A Military Health System managed by branch, at local levels, created inefficiencies and slowness in decision making. Metrics to measure performance showed “unwanted variation” and Congress wanted a fix.
“Some hospitals were doing it one way or another to no good purpose,” Butler said. Under DHA, that’s changing. The plan is to take the best strategy and apply it across the board.
“The Army is really good at financial systems,” Butler said. “So we’re going to standardize that across all hospitals and clinics. That kind of standard of performance leads to improved quality at lower cost.”
The plan is to end management by branches, and instead create geographic regions, or markets, instead, Butler said, standardizing business processes such as appointment scheduling and referrals across all military hospitals.
“This allows us to create centers of excellence,” he said, adding that the first markets included areas such as Womack Army Medical Center on Fort Bragg, North Carolina and Naval Air Station Jacksonville in Florida.
“And guess what happened?” Butler said. “Wow, nothing. It all worked just fine. Because doctors and nurses and care teams care about their patients and they made sure their patients got the care they needed.”
The cuts and other changes coming to local medical centers are aimed at efficiency, not reductions in care, Butler said.
“Every hospital pretty much thinks they need to provide all services to all patients,” he said .”That just isn’t the way healthcare is delivered in this country.”
But cutting thousands of medical corps jobs has caused some concern among veteran service organizations and members of Congress, who stepped in with an attempt to ensure the process does not move forward without further analysis.

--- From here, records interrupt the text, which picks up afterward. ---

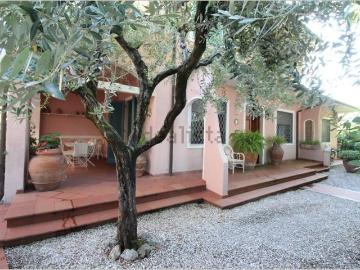 Case e ville in vendita di 250 m² in Piazza G. Garibaldi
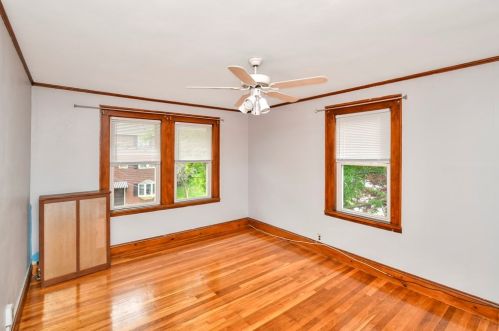 291 St, Dedham MA 02026-2044 exterior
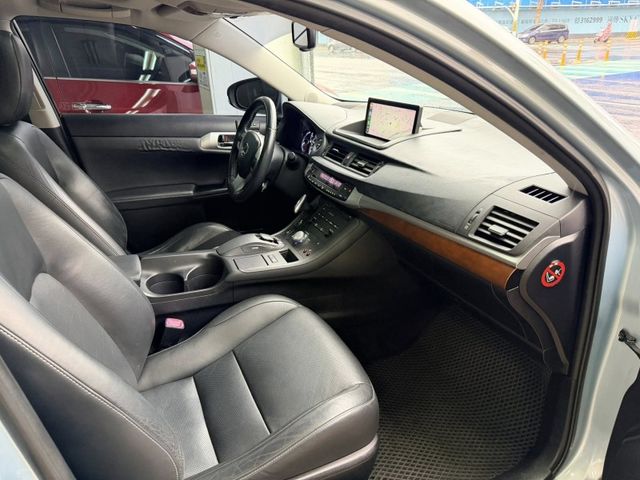 Lexus CT200H  第17張相片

The House Appropriations Committee passed a draft defense spending bill that would withhold $250 million from DHA until an in-depth report on personnel cuts is produced. The $250 million was earmarked by DHA to hire civilian and contract workers.
While hospital relocations aren’t “on the radar” today, Butler said moving care teams -- including doctors, nurses and technicians -- may change.
“The overall care will remain the same .. exactly where you get it may change.”
Hospital consolidation or growth could be on the horizon, Butler said. “I do see that happening over the next 5-10 years,” he said. “Congress will be very interested in that.”
The expected challenge of mixing branches has so far turned out to be a nonissue, DHA leaders said.
“The biggest challenge we thought we would face would be that the Army leaders love Army medicine and the Navy leaders love Navy medicine… but the fact of the matter is, based on our deployability we’ve all interacted with other services … We thought it was going to be a challenge,” said Maj. Gen. Ronald Place, director of the Transitional Intermediate Management Organization (TIMO), which oversees the initial transition. “As it turns out, it’s not. As long as what we are offering to our line brothers and sisters is high-quality health care both here in the United States and in a deployable situation, that’s what they want. In fact, they’re embracing it because of that.”
There’s no better time than now to make the transition and bring military hospitals under the umbrella of DHA, Butler said.
“With the constraints and pressures we have on the DoD budget, we just have to be better stewards of taxpayer money,” he said. “The dollars we return then allow DoD to invest in lethality of the force.”